A Government Aligned With US Ambitions
“Pandering to the strategic goals of the United States, which puts a target on our nation’s forehead, our Government keeps lying to us.” This striking opening from Michael Pascoe sets the tone for a compelling critique of government transparency and sovereignty.
The “Axis of Evil” and the Roots of Mistrust
First, some context before unpacking our government’s ongoing deceit. On January 29, 2002, President George W. Bush declared Iran, Iraq and North Korea the “axis of evil,” despite none being tied to 9/11. The invasion of Iraq followed swiftly, and by January 2003, North Korea exited the NPT treaty, later testing nuclear weapons in 2006—a predictable response to perceived threats.
Israel, Iran, and the Logic of Nuclear Deterrence
Israel and Iran entered their own nuclear tensions. Israel never signed the NPT and maintains a deliberate ambiguity about its arsenal. Meanwhile, Iran, still reeling from the Shah’s overthrow, brutal war, and sectarian pressures, began pursuing nuclear capability to deter perceived threats.
The World’s First “Threshold War”
Today, Israel has launched direct strikes on Iranian nuclear sites, triggering what expert Farah N. Jan calls a “threshold war”—the world’s first where a nuclear power uses force to stop another from reaching the same status. She warns this dynamic risks unraveling decades of deterrence and may ignite an uncontrollable escalation cycle.
The Logic of Escalation
Jan paints a stark picture of nuclear brinkmanship. “Iran increasingly believes it cannot deter Israeli aggression without nuclear weapons… Israel… can only delay it,” she writes. Such logic, she warns, threatens more than regional stability—it’s a global peril.
Preventive War and the Collapse of Global Norms
Israel’s actions advance “preventive” war logic, undermining rules-based international order. Australia’s passive stance—treating both actors equally and calling for merely “de‑escalation”—amounts to silent complicity.
Australia’s Silent Complicity
Ben Saul from Sydney University underscores this danger: “The risk of abuse of ‘anticipatory’ self‑defence… is simply too dangerous… Allowing each country to unilaterally decide… is a recipe for global chaos.”
The Illusion of Sovereignty
Our government goes further—supporting US‑backed actions, while denying culpability. Critical intelligence bases like Pine Gap and US submarine/air bases in WA and NT are dismissed as mere “rotations,” masking deep compromise of sovereignty.
The AUKUS Smokescreen
As Orwell might approve, those in power define reality, labelling black as white while obediently aligning with US strategic ambitions. The recent Four Corners “Submerged” segment on AUKUS highlighted how our national security narrative is spun until contradictions are ignored.
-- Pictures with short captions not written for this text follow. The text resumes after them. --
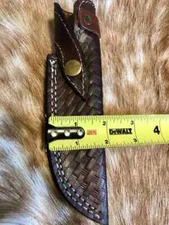 7.5 Inch Normal Hand Made Pure Leather Sheath For Fixed Blade Knife Embossed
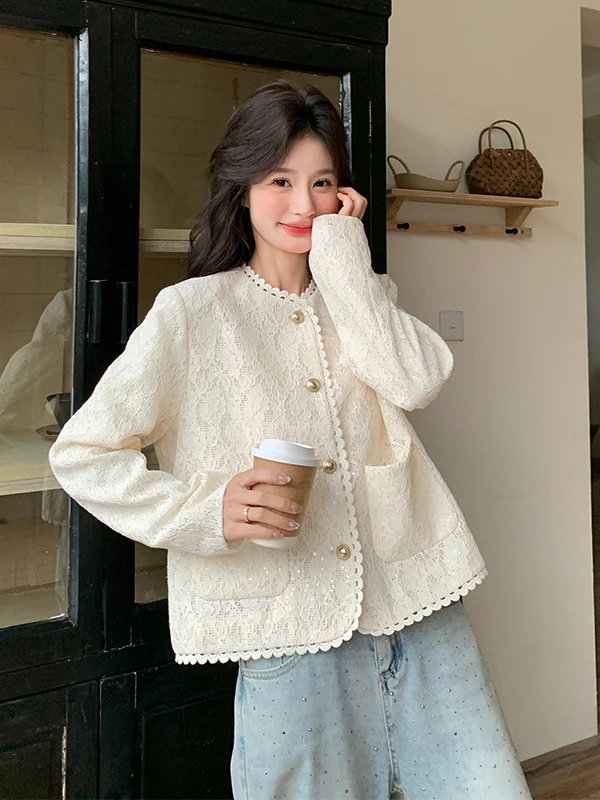 

Milk White Lace Trim ort Quilted Jaet Women's Sle Spring 2025 New Name Lady Ele High-End Feeling Top Commute Sle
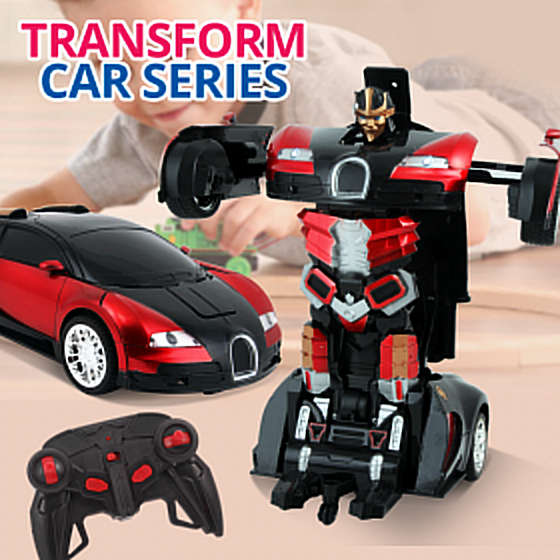 Large Buggati Remote Control TRANSFORMER Robot Car, Transforms in 1 Button - With Music & Lights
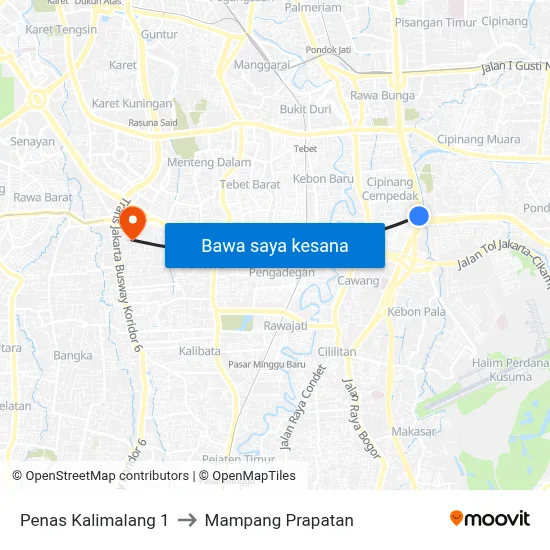 Penas Kalimalang 1 to Mampang Prapatan map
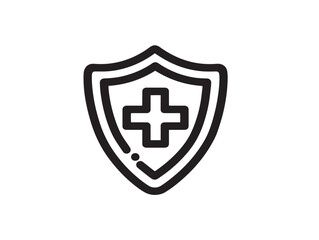 Minimalist insurance concept illustration with protective outlined line design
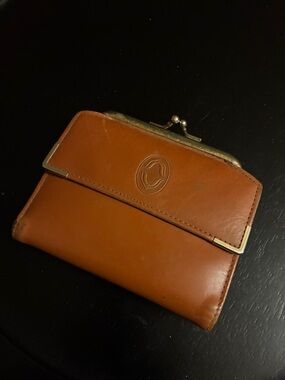 Vintage Buxton Cognac Brown Leather Kiss-Lock Wallet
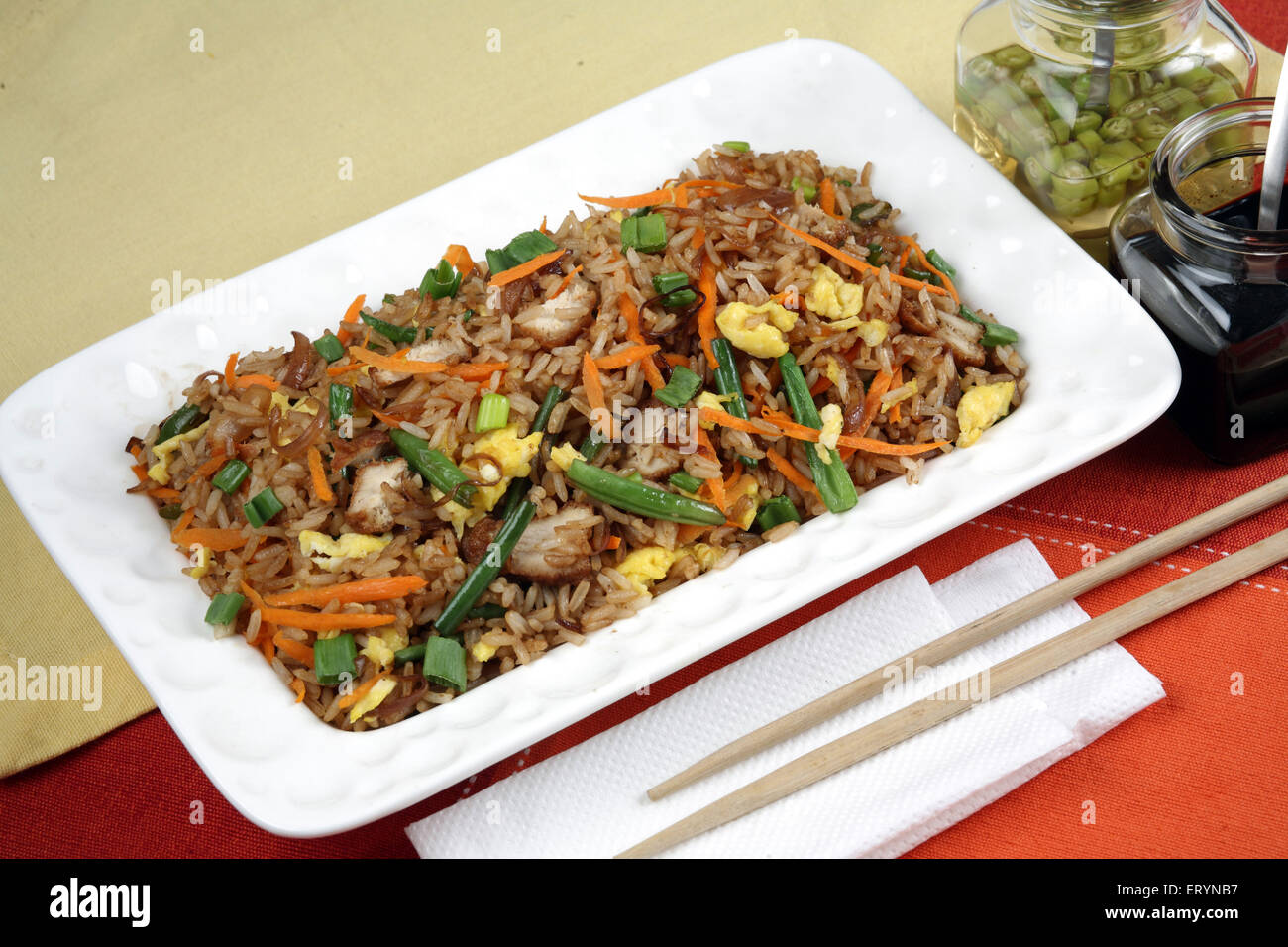 Chicken Fried rice in plate India PR#743AH Stock Photo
Lies, Contradictions, and Broken Promises
The coverage revealed the government’s web of lies. From assurances that AUKUS would be safe and base-free, to confident claims we don’t need alternatives—each narrative fell apart under scrutiny, exposing misleading spin and broken promises.
A Crisis of Trust in Democracy
And the logical conclusion? If dictators react to threats with nuclear programs, Australians face relentless lies from politicians. Voting remains—but trust is evaporating. With nearly a third of voters abandoning major parties, one must ask: what comes next when governments betray transparency?